Vapourtec and Accelerated Materials collaborate to enhance automated chemistry efficiency
In a significant development for the field of flow chemistry, engineering specialists Vapourtec have announced a collaboration with Accelerated Materials to expand the application of machine learning (ML) in chemical optimisation processes. This partnership aims to improve the efficiency and accuracy of predictive modelling in flow chemistry, a technique increasingly utilised in pharmaceutical research and development.
The integration of ML into chemical processes addresses several limitations inherent in conventional optimisation methods. Professor Alexei Lapkin, co-founder and Chief Strategy Officer of Accelerated Materials, explained: “Traditional optimisation methods are based on variations of one-variable-at-a-time (OVAT) methods. The OVAT method frequently fails to capture any interaction effects between variables and is data inefficient.”
While Design of Experiments (DoE) methods have been employed to mitigate these issues, they too face challenges when modelling complex non-linear, dynamic systems. ML solutions aim to bridge this gap, offering enhanced efficiency in data acquisition and improved exploration of optimisation space.
Seamless integration with existing systems
The collaboration centres on integrating Accelerated Materials’ AMLearn™ software with Vapourtec’s R-Series flow chemistry system. Duncan Guthrie, founder of Vapourtec, highlighted the unique position of their system in the market: “Vapourtec’s R-Series is the only commercially available flow chemistry system that provides the opportunity to integrate ML algorithms using high-level commands to specify reaction methods rather than by communication with individual system components.”

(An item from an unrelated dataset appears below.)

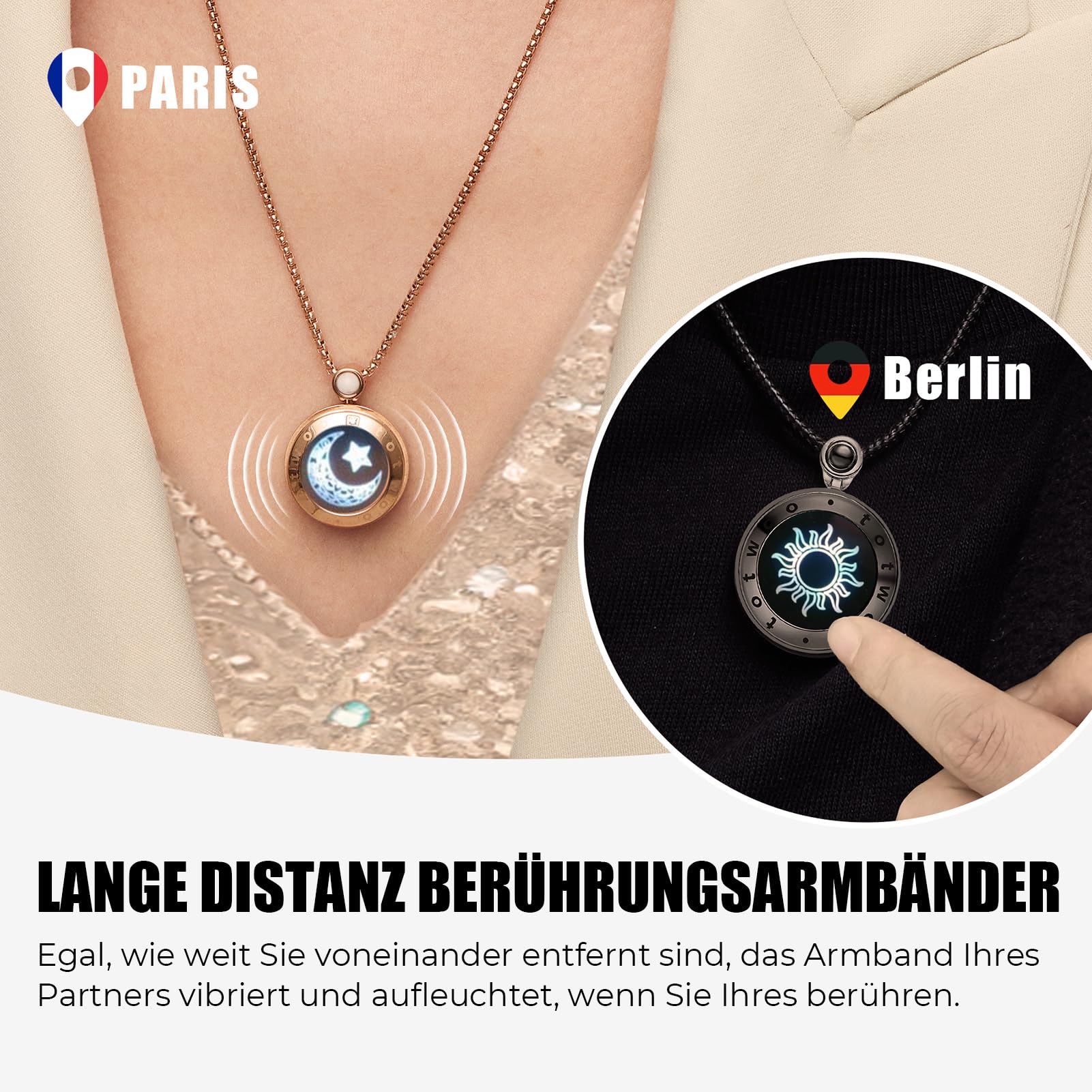 TOTWOO Collana per Coppia - Girocollo Lunga in Acciaio Inossidabile, Tattili Vibranti, Impermeabile e Regolabile - Regalo per l'Anniversario, Ideale per Donna e Uomo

This integration utilises Vapourtec’s industry-standard OPC UA interface, allowing for simple configuration and compatibility with various reactor types, including photochemical and electrochemical reactors.
The system’s versatility extends to its analytical capabilities, featuring data retrieval from a range of pre-configured Process Analytical Technology (PAT) devices. This includes Raman, FTIR, and UV detectors, enabling comprehensive real-time analysis of reaction processes.

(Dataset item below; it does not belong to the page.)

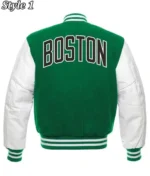Boston Celtics Green and White Varsity Jacket - Image 2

Implications for pharmaceutical research
For the medical and pharmaceutical research community, this advancement in flow chemistry optimisation holds significant promise. The ability to rapidly analyse vast datasets and identify patterns in experimental conditions could potentially accelerate drug discovery processes and reduce development timelines.
Prof. Lapkin emphasised the broader impact of AI integration in chemistry: “Bringing AI into chemistry accelerates the discovery and optimisation of new compounds, reduces experimental costs and shortens the timelines for development.”